When we got there, I told Ranch to pull into the Texaco. He needed the gas, anyway, so he stopped at the self-service pumps and I got out to fill the tank for him.

Pumping the gas gave me a good chance to scope out the parking lot of the Traveler’s Roost motel across the street. The bozo on the phone, Frank, had said he could see Fargo’s car and it was a blue Ford.

Over at the parking lot, most of the spaces were empty. Only a couple of vans, a Jeep and three regular cars were still there. Not one of them was blue.

Hardly any wonder, when you figure it was almost eleven o’clock by then. Eleven’s checkout time for most motels. So just about everyone had already hit the road—the Fargo clan included.

We’d missed them.

It made my stomach feel like hell.

But I had gas to finish pumping, so I stood there and kept at it.

I was still Simone, by the way. I wore my brown wig, since the platinum blond from last night seemed too flamboyant for daytime and I didn’t want to draw a lot of attention to myself. In the brown hair, I looked feminine but subdued.

My face had been horrid this morning (remember what that son-of a-bitch Henry the dog did to me last night?), so we stopped in Desert Hot Springs and I sent Ranch into a drugstore for Band-Aids and makeup. While we drove on, I fixed myself up. Just one large bandage was enough to cover the bites on my cheekbone (lucky for me that fucking Henry wasn’t a Doberman), and I used makeup to hide the bruising.

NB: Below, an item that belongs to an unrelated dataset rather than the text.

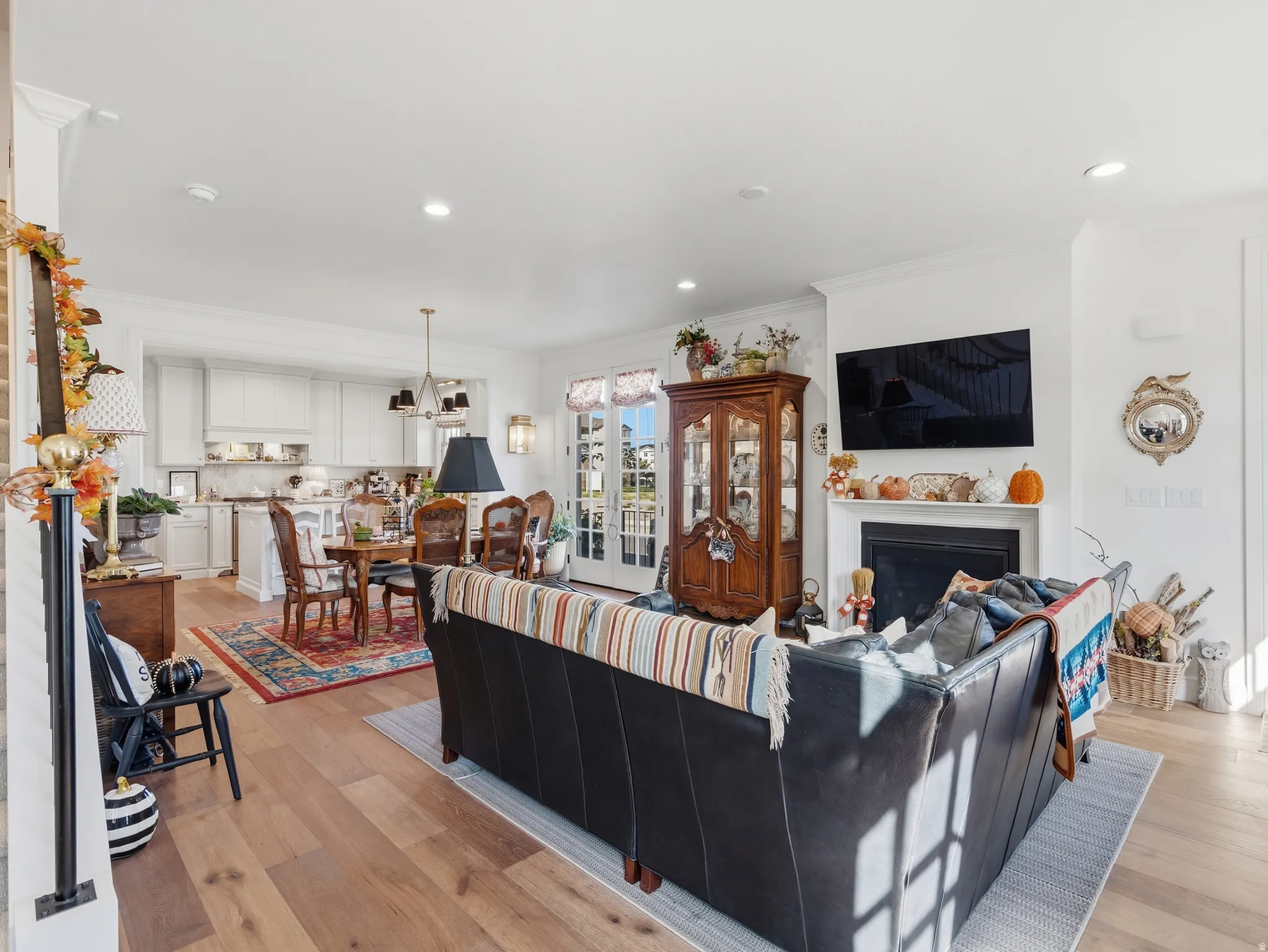 Hardwood flooring throughout, white cabinetry, integrated fireplace, recessed lighting, and French doors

I’d already gotten out of my bloody sundress before leaving Jody’s house. I put on one of her T-shirts. Most of them looked like souvenirs from vacations or trips to Disneyland, but I managed to find a pink one that didn’t have any pictures or slogans on it. Then I found a white pleated skirt.

I looked great in the outfit. Fresh and innocent and a lot younger than twenty-four, which is my real age.